Your objective
Among the entries below, find the line with "Casserole Florina Aspen" and the line with "Eine Gruppe besteht". Return exactly those lines and every line between them, but no pictures.

Supplied information
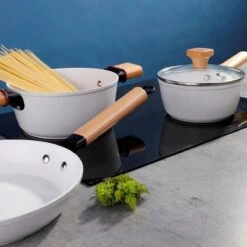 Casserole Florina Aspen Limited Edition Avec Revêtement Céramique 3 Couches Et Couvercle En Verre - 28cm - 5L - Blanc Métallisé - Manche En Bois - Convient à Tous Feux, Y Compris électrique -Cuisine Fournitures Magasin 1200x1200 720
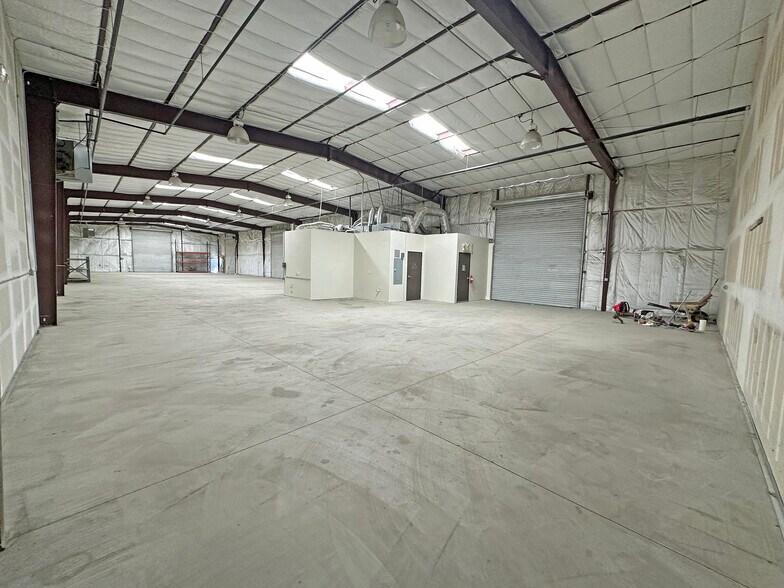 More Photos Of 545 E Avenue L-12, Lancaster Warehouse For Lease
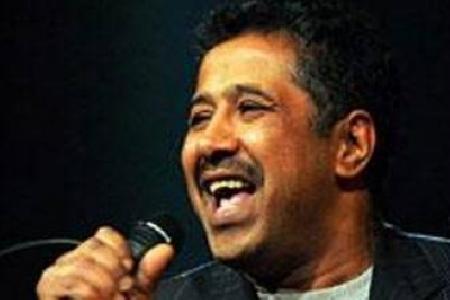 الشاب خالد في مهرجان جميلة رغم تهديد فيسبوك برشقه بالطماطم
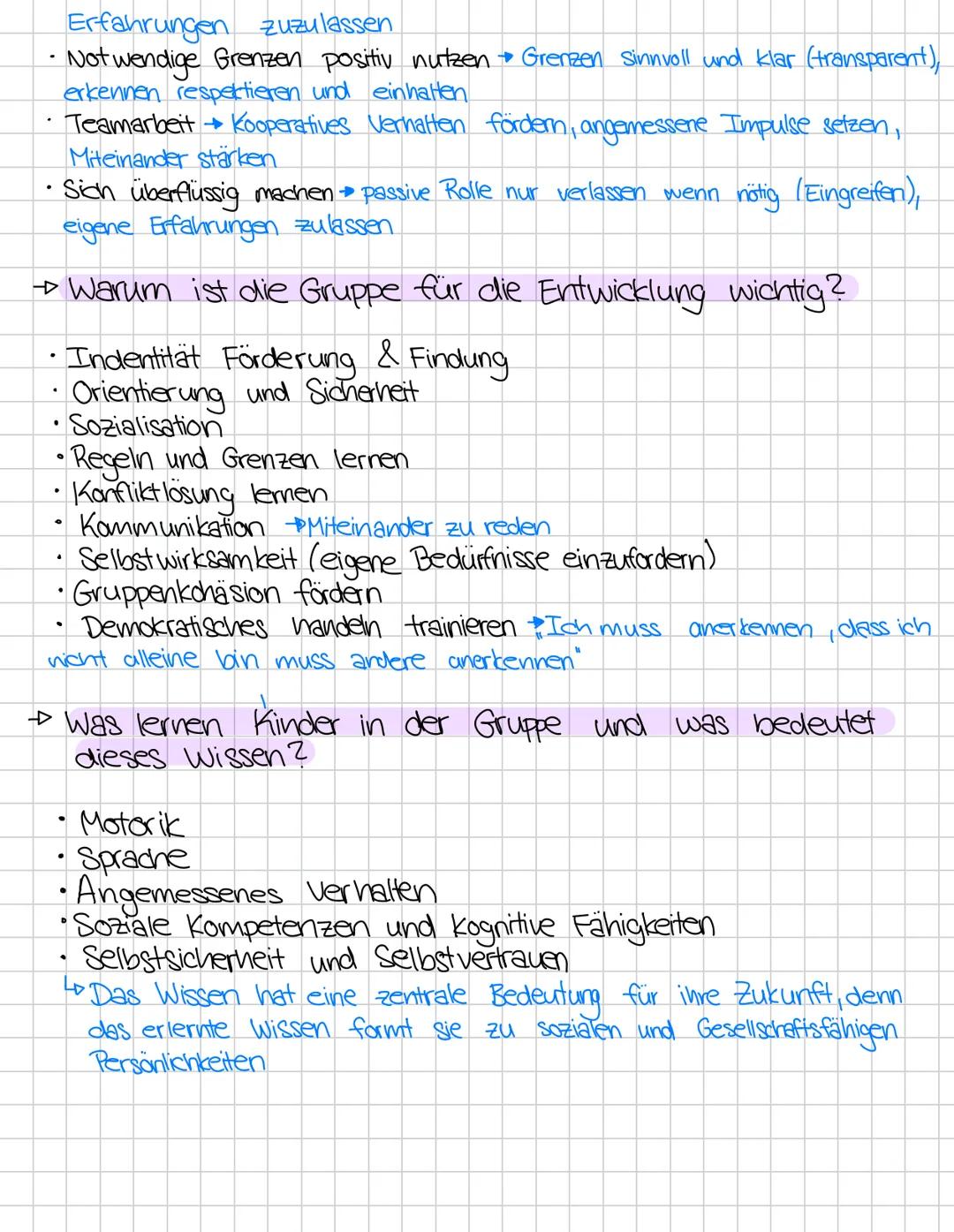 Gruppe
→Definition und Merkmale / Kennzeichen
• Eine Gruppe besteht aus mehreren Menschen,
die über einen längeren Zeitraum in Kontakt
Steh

---

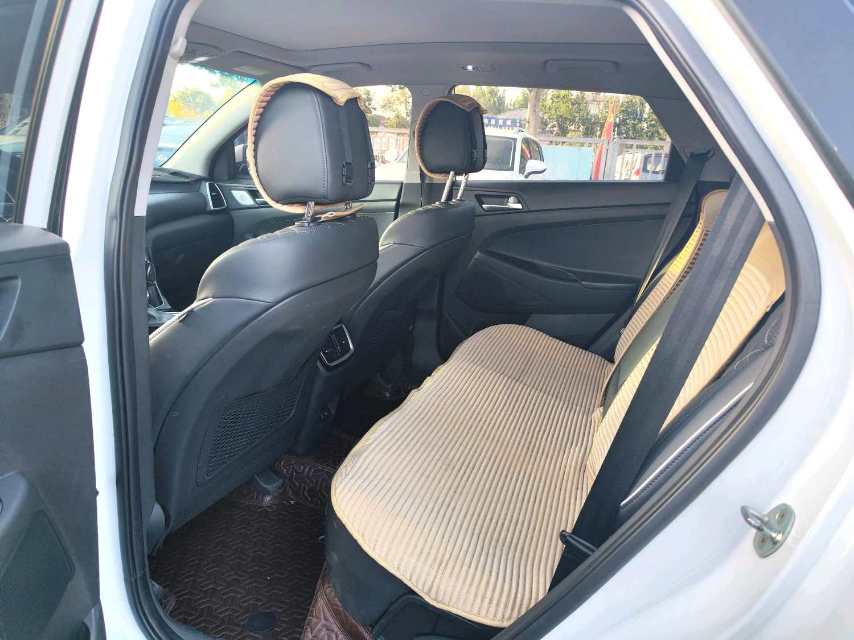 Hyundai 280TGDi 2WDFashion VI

==

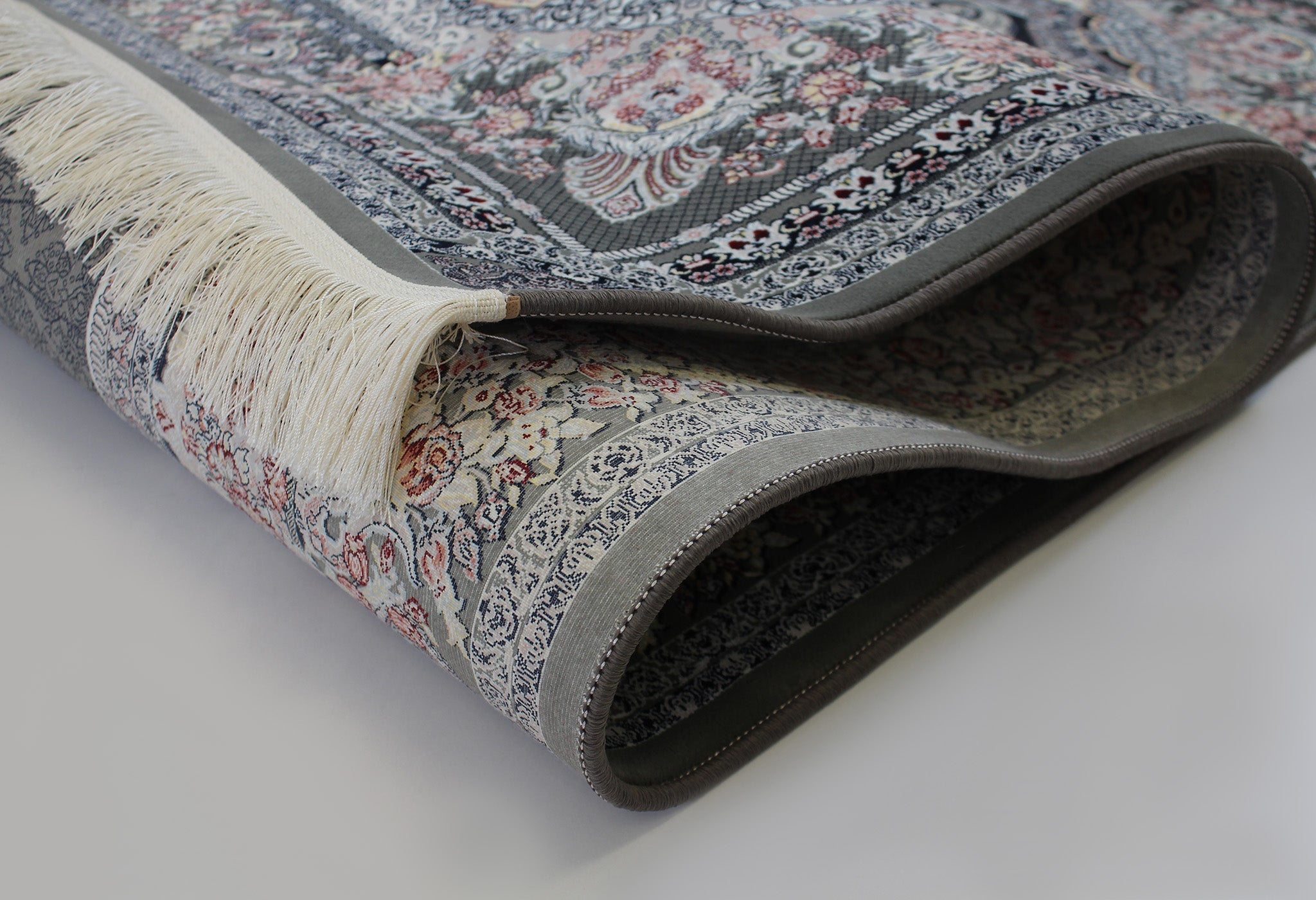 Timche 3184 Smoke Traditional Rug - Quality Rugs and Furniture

Response area
 Casserole Florina Aspen Limited Edition Avec Revêtement Céramique 3 Couches Et Couvercle En Verre - 28cm - 5L - Blanc Métallisé - Manche En Bois - Convient à Tous Feux, Y Compris électrique -Cuisine Fournitures Magasin 1200x1200 720
 More Photos Of 545 E Avenue L-12, Lancaster Warehouse For Lease
 الشاب خالد في مهرجان جميلة رغم تهديد فيسبوك برشقه بالطماطم
 Gruppe
→Definition und Merkmale / Kennzeichen
• Eine Gruppe besteht aus mehreren Menschen,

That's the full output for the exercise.